Es existieren folgende Arten von physischen Personen als Mitgliedern:
- Unterstützende Mitglieder (Klasse SupportingMember): Diese Mitglieder bezahlen einen
Jahresbeitrag von €100,- und verursachen bei Vereinsfesten Ausgaben von durchschnittlich
€15,- im Jahr.

Die Klasse Member soll folgende Schnittstelle besitzen:
- double getIncome(): berechnet die gesamten Einnahmen, die der Verein durch dieses
Mitglied erzielt.
- double getCosts(): berechnet die gesamten Ausgaben, die dieses Mitglied verursacht.
- double getSurplus(): berechnet den finanziellen Überschuss, den das Mitglied dem
Verein bringt.
- String toString(): Gibt eine ordentlich formatierte und strukturierte Mitgliederliste
(Name, Einnahmen, Ausgaben, Überschuss) zurück.

....man soll halt dynamische Bindung realisieren.....

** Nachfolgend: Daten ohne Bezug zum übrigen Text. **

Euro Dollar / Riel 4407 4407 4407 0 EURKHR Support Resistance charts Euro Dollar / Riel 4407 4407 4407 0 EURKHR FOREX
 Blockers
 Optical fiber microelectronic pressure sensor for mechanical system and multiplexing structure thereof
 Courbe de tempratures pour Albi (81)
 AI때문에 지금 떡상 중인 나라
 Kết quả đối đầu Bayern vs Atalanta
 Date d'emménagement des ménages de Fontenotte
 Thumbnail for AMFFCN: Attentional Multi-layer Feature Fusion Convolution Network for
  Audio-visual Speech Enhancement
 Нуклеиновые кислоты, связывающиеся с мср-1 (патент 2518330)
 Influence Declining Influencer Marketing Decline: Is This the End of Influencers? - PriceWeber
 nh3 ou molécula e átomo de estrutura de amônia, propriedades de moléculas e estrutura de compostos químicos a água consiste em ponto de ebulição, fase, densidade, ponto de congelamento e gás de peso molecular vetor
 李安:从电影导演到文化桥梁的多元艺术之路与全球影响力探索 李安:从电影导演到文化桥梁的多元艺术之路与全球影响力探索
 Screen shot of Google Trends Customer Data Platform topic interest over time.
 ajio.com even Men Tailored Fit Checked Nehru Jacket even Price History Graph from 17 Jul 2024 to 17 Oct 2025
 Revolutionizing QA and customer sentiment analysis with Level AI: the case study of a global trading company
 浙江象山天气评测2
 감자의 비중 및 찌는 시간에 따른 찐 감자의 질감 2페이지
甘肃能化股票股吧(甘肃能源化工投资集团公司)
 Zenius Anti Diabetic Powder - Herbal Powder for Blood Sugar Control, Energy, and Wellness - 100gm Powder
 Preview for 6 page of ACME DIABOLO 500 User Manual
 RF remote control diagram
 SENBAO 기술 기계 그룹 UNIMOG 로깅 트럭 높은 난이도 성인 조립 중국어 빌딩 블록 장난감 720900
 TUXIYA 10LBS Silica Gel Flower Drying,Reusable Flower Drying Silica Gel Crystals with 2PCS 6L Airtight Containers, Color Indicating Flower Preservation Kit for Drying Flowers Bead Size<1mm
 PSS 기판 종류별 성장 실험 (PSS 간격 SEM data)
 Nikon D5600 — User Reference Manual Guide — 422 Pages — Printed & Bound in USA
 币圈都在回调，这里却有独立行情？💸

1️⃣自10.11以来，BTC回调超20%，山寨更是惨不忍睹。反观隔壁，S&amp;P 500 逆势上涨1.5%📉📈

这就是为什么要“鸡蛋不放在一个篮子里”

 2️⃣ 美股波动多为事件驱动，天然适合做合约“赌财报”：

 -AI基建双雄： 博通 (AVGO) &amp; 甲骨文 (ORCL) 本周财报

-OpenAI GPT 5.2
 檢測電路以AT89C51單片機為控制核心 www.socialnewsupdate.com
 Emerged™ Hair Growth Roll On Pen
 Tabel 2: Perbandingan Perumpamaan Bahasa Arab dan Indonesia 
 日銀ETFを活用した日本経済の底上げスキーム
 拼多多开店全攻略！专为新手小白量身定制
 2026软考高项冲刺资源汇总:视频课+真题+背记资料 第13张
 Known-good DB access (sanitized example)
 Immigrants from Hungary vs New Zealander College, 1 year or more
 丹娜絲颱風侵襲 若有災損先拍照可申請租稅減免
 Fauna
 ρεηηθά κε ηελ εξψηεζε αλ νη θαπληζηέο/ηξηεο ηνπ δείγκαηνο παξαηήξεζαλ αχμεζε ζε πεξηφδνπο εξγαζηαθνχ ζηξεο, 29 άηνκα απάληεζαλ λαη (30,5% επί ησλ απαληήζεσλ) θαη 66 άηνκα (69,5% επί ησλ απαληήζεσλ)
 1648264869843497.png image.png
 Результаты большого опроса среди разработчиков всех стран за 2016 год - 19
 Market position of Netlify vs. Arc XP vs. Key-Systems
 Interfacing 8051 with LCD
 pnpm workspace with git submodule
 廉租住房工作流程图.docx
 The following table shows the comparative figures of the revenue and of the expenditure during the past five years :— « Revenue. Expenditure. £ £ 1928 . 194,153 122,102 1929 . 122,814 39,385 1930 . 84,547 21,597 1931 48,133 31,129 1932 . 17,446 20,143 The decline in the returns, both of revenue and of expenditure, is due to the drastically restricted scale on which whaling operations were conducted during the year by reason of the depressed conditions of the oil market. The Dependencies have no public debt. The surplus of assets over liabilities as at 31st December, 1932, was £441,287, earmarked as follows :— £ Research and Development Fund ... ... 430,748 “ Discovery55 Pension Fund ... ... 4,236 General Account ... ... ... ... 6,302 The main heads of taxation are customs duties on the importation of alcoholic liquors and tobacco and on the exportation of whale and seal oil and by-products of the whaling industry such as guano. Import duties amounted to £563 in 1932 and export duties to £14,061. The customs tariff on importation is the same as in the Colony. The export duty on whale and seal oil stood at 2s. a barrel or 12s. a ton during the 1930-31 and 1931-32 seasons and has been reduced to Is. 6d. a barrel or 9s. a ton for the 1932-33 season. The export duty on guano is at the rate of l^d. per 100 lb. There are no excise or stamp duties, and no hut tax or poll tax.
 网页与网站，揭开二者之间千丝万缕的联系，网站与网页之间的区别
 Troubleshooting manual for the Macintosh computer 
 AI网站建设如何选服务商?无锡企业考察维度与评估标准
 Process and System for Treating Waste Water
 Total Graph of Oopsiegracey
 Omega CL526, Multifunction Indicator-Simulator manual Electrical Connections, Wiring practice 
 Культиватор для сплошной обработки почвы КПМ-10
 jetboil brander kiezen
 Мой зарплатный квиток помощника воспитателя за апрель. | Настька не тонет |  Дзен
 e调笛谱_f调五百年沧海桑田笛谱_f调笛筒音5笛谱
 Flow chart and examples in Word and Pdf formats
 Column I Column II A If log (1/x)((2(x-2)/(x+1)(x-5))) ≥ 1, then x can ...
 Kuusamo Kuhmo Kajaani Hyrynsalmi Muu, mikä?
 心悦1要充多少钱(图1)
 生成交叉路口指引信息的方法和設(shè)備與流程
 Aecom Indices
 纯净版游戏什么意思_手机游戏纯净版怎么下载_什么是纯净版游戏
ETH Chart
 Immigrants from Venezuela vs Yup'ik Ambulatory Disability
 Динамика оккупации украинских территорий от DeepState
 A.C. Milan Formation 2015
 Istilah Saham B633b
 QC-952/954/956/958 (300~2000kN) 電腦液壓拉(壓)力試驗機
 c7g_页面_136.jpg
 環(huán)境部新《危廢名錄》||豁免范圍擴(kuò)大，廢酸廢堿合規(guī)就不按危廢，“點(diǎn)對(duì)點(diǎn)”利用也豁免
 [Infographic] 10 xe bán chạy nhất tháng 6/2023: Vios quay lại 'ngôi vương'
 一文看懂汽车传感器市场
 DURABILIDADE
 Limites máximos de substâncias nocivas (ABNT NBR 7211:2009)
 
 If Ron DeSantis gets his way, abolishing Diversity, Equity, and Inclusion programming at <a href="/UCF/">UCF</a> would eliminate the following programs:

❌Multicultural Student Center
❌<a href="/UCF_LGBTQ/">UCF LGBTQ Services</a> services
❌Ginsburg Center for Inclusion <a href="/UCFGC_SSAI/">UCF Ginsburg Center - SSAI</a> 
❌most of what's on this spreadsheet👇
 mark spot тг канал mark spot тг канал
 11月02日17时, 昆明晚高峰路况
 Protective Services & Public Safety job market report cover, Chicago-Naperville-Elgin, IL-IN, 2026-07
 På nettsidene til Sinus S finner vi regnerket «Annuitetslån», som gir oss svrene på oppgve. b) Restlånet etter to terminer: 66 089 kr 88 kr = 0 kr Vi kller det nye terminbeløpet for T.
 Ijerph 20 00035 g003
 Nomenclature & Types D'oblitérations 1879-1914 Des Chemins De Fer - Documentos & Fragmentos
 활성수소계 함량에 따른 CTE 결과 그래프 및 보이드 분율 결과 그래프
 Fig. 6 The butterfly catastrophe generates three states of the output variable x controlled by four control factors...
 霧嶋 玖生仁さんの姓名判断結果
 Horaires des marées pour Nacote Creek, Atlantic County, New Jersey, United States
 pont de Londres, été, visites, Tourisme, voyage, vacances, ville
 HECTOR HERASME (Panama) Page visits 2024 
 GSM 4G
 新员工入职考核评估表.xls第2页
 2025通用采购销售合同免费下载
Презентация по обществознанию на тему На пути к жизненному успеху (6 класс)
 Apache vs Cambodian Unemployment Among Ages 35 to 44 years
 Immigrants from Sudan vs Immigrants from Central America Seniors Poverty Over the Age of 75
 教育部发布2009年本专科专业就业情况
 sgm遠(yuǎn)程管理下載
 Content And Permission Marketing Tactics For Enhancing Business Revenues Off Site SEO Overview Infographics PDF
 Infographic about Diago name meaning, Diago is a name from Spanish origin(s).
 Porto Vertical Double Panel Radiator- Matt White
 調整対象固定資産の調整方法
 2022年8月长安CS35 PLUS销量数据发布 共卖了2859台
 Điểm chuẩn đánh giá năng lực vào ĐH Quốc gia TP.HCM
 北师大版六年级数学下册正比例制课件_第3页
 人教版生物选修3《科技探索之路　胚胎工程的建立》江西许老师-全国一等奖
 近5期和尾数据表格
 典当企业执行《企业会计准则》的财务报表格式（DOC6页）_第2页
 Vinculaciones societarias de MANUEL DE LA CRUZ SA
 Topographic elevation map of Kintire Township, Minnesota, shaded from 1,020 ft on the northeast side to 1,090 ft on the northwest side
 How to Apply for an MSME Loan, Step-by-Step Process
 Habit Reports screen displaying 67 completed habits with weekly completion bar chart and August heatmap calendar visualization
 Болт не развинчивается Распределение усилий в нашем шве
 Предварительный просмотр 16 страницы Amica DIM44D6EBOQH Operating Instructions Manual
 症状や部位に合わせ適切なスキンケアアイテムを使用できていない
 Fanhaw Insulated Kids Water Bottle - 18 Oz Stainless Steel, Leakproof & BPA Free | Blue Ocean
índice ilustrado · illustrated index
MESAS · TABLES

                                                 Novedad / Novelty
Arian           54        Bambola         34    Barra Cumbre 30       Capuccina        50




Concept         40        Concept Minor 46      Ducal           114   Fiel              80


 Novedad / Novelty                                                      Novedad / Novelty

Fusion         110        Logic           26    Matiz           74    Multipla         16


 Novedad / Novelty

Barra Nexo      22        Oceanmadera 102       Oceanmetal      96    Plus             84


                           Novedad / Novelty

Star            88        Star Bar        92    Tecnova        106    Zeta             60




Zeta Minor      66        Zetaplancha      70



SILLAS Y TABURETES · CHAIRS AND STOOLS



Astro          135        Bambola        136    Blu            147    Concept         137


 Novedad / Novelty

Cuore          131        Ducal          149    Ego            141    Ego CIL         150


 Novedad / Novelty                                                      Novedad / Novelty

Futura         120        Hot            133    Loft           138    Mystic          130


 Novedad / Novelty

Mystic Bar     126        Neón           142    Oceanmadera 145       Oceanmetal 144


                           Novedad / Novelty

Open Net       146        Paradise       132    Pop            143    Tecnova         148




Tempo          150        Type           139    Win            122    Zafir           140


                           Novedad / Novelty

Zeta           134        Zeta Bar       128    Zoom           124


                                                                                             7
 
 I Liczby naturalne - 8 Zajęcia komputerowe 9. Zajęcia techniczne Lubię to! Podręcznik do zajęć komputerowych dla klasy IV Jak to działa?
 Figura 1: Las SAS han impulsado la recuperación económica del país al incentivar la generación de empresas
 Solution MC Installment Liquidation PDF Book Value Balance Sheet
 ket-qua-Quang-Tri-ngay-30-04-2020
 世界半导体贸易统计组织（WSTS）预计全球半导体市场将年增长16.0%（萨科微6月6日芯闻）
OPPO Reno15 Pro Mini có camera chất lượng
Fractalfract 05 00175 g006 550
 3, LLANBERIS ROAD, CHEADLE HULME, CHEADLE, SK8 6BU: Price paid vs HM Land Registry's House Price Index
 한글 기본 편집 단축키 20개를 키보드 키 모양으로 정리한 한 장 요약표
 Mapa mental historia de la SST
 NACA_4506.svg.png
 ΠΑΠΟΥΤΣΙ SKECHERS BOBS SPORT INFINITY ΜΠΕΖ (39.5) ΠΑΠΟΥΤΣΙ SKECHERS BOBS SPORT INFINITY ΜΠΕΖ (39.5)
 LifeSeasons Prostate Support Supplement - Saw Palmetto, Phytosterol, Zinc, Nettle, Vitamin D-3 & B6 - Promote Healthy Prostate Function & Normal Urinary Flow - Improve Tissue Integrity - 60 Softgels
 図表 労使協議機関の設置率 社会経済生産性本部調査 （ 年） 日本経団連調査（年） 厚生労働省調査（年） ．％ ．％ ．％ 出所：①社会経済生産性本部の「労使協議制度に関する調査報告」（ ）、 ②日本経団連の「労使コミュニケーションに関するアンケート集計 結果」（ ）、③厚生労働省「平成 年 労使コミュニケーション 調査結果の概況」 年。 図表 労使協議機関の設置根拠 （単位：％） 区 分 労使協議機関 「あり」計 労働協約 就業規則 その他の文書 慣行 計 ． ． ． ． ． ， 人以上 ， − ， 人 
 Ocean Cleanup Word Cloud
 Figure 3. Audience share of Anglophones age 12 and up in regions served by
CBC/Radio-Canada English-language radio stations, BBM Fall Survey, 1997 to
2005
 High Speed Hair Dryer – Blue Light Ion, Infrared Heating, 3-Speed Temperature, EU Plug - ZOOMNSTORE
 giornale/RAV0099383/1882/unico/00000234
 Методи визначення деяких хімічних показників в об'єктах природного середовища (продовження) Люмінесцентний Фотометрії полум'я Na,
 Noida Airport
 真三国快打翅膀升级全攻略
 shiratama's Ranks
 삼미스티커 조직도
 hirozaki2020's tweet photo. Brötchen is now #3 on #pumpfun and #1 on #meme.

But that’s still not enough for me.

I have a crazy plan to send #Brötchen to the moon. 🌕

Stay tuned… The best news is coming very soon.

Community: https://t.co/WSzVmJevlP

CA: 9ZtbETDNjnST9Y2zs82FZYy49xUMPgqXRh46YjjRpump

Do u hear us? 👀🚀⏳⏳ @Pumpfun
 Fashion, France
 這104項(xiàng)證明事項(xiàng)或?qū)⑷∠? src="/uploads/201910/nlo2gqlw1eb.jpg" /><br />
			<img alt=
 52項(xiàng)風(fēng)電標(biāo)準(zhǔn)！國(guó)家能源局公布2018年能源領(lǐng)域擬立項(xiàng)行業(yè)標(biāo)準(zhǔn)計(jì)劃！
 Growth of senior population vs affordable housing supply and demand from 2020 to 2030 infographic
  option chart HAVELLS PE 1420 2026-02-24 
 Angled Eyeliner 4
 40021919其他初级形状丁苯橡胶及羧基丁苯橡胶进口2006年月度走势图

Jetzt hab ich die Klasse Member als abstrakte Klasse realisiert...


```
abstract public class Member {

	private String name;
	private double memberNr;
	private double CountMemberNr;
	
	public Member(String name){
		this.name = name;
		this.memberNr = CountMemberNr++;
	}
	
	public String getName(){
		return name;
	}
	
	abstract public String memberType();
	
//	berechnet die gesamten Einnahmen, die der Verein durch dieses
//	Mitglied erzielt.
	abstract public double getIncome();
	
//	berechnet die gesamten Ausgaben, die dieses Mitglied verursacht.
	abstract public double getCosts();
	
//	berechnet den finanziellen Überschuss, den das Mitglied dem
//	Verein bringt.
	abstract public double getSurplus();
	
//	Gibt eine ordentlich formatierte und strukturierte Mitgliederliste
//	(Name, Einnahmen, Ausgaben, Überschuss) zurück.
	public String toString(){
		
		String list = "Mitgliederliste:\n"+
			"Mitglied vom Typ \n" +
			memberType() + ": " +
			"(" + getName() + ", " + getIncome() + ", " + getCosts() + ", " + getSurplus() + ")";
		
		return list;
	}

}
```

So....und die Klasse SupportingMember folgendermaßen:

```
public class SupportingMember extends Member{


	public SupportingMember(String name){
		super(name);
	}
	
	public String memberType(){
		return "SupportingMember";
	}
	
//	berechnet die gesamten Einnahmen, die der Verein durch dieses
//	Mitglied erzielt.
	public double getIncome(){
	
	}
	
//	berechnet die gesamten Ausgaben, die dieses Mitglied verursacht.
	public double getCosts(){
	
	}
	
//	berechnet den finanziellen Überschuss, den das Mitglied dem
//	Verein bringt.
	public double getSurplus(){
	
	}
	
}
```

Nun frag ich mich was ich alle in die Klasse SupportingMember hineingeben soll:In der Beschreibung steht ja:
//Unterstützende Mitglieder (Klasse SupportingMember): Diese Mitglieder
//	bezahlen einen
//	Jahresbeitrag von €100,- und verursachen bei Vereinsfesten Ausgaben von 
//	durchschnittlich
//	€15,- im Jahr.

....ich meine wie is das gmeint bei den Methoden...is das mehr so gmeint:
boolean payedBeitrag;
public void boolean payBeitrag(int money){
      if(money == 100){
            payedBeitrag = true;
      }
}

...dass ich dann in getIncome() praktisch vorher zuerst getIncome() überprüf und dann erst ausgeben kann wie viel 
das Maitglied an Einnahmen bringt. Und über welchen Zeitrahmen soll sich das Ganze erstrecken? Wahrscheinlich über  einem Zeitrahmen von so einem Jahr.....irgendwo muss man da ja auch das Jahr eingeben können wann derjenige den Beitrag gezahlt hat....damit ein SupportingMember einen Beitrag überhaupt zahlen kann muss man da ja dann auch noch eine Methode mit payBeitrag machen....is das so gmeint oder was glaubt ihr was diese schwammige Angabe vermitteln will....

mfg,
Hannes


----------



## Caffè Latte (17. Mrz 2006)

Hi,

ich vermute, dass mit getIncome() einfach der Wert, also z.B. 100 bei SupportingMember zurückgeliefert werden soll. Ebenso bei den anderen Methoden.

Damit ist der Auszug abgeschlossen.